Tom Adams, Consultant, Sonoscan, Inc.
Acoustic microscopic imaging can locate internal defects in packaged integrated circuits (ICs) and other components without physically damaging the package. The microscope's transducer sends a pulse of ultrasound into the sample. The pulse is reflected, partly or entirely, by material interfaces. It is just this action at the interface of two materials that enables Sonoscan's C-SAM
systems to defect package and device defects without damaging the device being examined.
It is the differences in material compositions, and how ultrasound is reflected by the different materials and spaces between them, that helps find unwanted spaces in electronic components. If an ultrasound pulse strikes the interface between mold compound and silicon, part of the ultrasound is reflected as an echo signal that will be picked up by the ultrasound transducer, while the remainder of the ultrasound will cross the interface and travel deeper. The echo from the mold compound-silicon interface will be of medium amplitude, and will look more or less gray in a monochrome acoustic image. But if there is a gap (such as from a delamination or void) between the mold compound and the silicon, the interface is between a solid and a gas such as air. Nearly 100 percent of the ultrasound will be reflected at a gap, and the echo will have the highest possible amplitude. In an acoustic image, it looks bright white. None of the ultrasound penetrates through the gap to go deeper into the sample because of the tremendous mismatch in the material properties of mold compound and air.
Nearly all internal structural anomalies in components are gaps of some type, including delaminations, nonbonds, voids, and cracks. The scanning transducer launches thousands of pulses per second from thousands of x-y locations and uses the return echo signals to make an acoustic image of the component. This process, called reflection-mode acoustic microscopy, is the most common of several imaging modes. But other imaging approaches are sometimes better at finding internal defects in components.
The operator of an acoustic microscope such as a Sonoscan C-SAM system performing reflection-mode imaging usually specifies a time zone, or gate, within which arriving echoes are used for imaging. Return echo signals from interfaces within the gate are used for imaging; those from outside the gate are ignored.
In this mode, color equals distance, and thus tells the thickness of the solder attaching the heat sink to this IGBT module. The orange features near the center are voids: the color indicates that the top of the void - the interface between the air in the void and the solder above the void — is from 45 to 90 microns above the plate.
The gate for a relatively thin plastic IC package may exclude the top and bottom surfaces of the packages but include echoes from any and all interfaces between the two surfaces. The result is that the acoustic image will reveal all of the internal features and defects, but not their relative depth. Knowledge of the component structure can provide information about the depth, but is not always a trustworthy approach.

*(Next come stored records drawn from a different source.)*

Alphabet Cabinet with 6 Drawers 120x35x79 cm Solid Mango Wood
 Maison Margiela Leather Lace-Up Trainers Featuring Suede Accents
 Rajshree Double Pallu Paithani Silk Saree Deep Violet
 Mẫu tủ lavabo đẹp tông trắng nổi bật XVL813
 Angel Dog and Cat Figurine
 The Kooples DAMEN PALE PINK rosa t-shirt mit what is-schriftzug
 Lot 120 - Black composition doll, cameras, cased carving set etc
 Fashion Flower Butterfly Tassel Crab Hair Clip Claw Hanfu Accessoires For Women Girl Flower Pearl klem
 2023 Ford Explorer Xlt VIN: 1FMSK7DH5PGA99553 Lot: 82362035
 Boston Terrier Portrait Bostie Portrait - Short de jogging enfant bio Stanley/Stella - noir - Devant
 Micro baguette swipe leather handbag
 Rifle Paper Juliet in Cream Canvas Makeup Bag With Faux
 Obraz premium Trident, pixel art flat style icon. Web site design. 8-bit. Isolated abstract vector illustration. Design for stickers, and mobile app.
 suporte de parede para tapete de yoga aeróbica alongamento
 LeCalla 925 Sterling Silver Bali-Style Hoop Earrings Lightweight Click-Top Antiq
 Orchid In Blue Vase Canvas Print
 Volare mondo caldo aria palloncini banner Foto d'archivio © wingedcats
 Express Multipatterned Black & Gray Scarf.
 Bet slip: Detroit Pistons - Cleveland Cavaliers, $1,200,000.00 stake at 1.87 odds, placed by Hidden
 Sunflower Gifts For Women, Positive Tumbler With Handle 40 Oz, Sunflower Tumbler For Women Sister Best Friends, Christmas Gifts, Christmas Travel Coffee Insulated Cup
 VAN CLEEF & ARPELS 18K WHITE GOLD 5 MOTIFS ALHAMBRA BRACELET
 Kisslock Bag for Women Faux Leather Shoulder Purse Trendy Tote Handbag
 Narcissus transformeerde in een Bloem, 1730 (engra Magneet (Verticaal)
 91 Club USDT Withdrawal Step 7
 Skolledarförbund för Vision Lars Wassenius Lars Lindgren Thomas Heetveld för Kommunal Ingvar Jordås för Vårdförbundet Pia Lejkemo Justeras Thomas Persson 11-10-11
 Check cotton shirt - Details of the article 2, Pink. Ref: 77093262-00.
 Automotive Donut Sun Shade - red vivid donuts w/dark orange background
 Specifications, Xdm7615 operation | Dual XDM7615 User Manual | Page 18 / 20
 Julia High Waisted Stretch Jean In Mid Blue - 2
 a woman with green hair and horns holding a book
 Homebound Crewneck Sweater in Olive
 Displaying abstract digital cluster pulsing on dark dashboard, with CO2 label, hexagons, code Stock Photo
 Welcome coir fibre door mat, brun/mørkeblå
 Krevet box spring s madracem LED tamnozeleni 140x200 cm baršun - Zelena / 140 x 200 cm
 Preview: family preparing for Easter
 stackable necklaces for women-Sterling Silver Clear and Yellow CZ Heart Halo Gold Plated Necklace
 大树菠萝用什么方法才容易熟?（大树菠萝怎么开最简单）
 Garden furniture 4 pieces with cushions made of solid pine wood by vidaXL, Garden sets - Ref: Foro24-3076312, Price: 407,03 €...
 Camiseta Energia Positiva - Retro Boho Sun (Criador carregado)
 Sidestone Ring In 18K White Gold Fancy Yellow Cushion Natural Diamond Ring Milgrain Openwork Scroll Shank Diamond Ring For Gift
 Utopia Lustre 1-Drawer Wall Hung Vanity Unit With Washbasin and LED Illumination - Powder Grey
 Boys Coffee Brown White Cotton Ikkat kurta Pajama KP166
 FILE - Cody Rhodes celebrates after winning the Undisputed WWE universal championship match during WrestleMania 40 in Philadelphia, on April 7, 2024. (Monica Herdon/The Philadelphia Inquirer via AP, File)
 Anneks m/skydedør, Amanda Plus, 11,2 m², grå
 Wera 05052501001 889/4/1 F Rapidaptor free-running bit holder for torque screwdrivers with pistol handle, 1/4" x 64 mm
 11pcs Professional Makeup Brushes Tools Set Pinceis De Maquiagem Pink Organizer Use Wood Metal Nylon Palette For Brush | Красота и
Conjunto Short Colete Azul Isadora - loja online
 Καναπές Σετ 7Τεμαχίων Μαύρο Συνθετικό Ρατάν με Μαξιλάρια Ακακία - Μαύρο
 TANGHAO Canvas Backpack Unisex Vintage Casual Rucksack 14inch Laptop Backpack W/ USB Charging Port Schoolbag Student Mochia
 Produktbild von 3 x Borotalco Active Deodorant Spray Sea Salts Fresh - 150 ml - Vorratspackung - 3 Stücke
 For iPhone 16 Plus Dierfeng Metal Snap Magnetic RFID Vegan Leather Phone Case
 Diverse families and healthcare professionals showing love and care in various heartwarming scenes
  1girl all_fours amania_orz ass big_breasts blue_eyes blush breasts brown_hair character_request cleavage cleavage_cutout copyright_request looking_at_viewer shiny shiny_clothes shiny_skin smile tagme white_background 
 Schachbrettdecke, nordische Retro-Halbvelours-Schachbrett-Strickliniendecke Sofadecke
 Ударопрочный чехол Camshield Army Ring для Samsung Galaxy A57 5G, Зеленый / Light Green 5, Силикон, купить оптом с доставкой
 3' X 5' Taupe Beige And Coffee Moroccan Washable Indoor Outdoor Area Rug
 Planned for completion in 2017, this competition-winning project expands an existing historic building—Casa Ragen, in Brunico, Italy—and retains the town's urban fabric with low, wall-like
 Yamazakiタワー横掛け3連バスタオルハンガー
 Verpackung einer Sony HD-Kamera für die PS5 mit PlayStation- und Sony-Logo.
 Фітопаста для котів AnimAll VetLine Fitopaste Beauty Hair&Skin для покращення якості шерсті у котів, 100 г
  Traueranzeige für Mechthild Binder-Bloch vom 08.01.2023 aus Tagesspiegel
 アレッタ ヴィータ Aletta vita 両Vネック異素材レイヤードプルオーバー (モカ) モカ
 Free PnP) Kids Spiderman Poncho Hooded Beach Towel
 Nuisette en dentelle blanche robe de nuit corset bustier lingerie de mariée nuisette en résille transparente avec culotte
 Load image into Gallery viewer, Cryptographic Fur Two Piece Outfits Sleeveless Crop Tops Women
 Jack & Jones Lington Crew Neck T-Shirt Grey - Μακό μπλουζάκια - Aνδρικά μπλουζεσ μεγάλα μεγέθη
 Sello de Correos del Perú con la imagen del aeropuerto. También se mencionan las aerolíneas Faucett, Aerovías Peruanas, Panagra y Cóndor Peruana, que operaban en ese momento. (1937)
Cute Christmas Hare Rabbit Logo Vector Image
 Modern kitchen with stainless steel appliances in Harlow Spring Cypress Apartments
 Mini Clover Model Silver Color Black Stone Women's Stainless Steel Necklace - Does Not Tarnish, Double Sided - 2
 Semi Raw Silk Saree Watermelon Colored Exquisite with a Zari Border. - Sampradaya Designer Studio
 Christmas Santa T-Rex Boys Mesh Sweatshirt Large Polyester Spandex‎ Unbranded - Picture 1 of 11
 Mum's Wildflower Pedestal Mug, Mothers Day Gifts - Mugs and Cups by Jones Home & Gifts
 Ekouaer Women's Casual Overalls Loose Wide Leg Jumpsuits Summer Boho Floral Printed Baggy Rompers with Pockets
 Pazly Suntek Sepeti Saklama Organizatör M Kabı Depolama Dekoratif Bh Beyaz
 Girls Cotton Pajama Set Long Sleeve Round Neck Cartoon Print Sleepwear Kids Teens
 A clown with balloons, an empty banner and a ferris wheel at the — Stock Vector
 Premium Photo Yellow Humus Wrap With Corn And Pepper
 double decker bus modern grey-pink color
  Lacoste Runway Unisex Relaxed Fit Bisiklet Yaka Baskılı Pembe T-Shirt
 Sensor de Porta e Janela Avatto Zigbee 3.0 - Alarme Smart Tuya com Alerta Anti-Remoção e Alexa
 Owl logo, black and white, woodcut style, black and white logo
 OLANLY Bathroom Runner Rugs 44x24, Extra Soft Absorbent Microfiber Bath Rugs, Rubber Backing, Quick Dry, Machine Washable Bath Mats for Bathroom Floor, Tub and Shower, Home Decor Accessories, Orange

PolyGate, as the name suggests, enables an acoustic microscope operator to create multiple gates to image a sample. Each gate will produce its own acoustic image. For example, a plastic IC package can be thought of as sliced horizontally into multiple layers, with an acoustic image for each layer. The individual images help tell the exact depth of a defect or anomaly. The maximum number of gates that can be set in PolyGate is 200, which may be excessive. Usually, 10, 20, or at most 50 gates are more than adequate to image a plastic IC package.
In imaging performed on a plastic IC package, a gate total of 50 gates was set on the microscope, each 92 microns in vertical extent. Imaging was performed on the package gates 24 and 25; most of the gates above 24 showed mold compound only, or mold compound and parts of the wire loops. The examination of gate 24 revealed delaminations chiefly along the KAPTON
lead frame tape. The images from the microscope indicate gaps typically by means of a red color. When the lead fingers were studied, they appeared to have no defects, although the die face appeared somewhat suspicious.
According to the scale of this microscopy, gate 25 is 92 microns below gate 24 and imaging of gate 25 revealed red delaminations between the mold compound and the top surfaces of the lead fingers. The delaminations along the tape have disappeared because their echoes begin above this gate. The die face, however, displays at this depth an area of red that suggests that it is delaminated from the mold compound.
Mapping Solder Thickness
Assemblers of insulated-gate-bipolar-transistor (IGBT) modules such as those used to control power in electric vehicles often must determine the thickness of the solder that bonds the metal heat sink on the bottom of the module to the substrate (often ceramic plates) above the module. The plates can become tilted during assembly, and the thickness of the solder may vary significantly across a plate as a result. IGBT modules are power devices that must dissipate a great deal of heat. Variations in the thickness of the solder can degrade the heat dissipation capability and cause the die to overheat. Voids in the solder, typically formed as bubbles when the solder was in fluid form, also disrupt heat flow and can cause overheating.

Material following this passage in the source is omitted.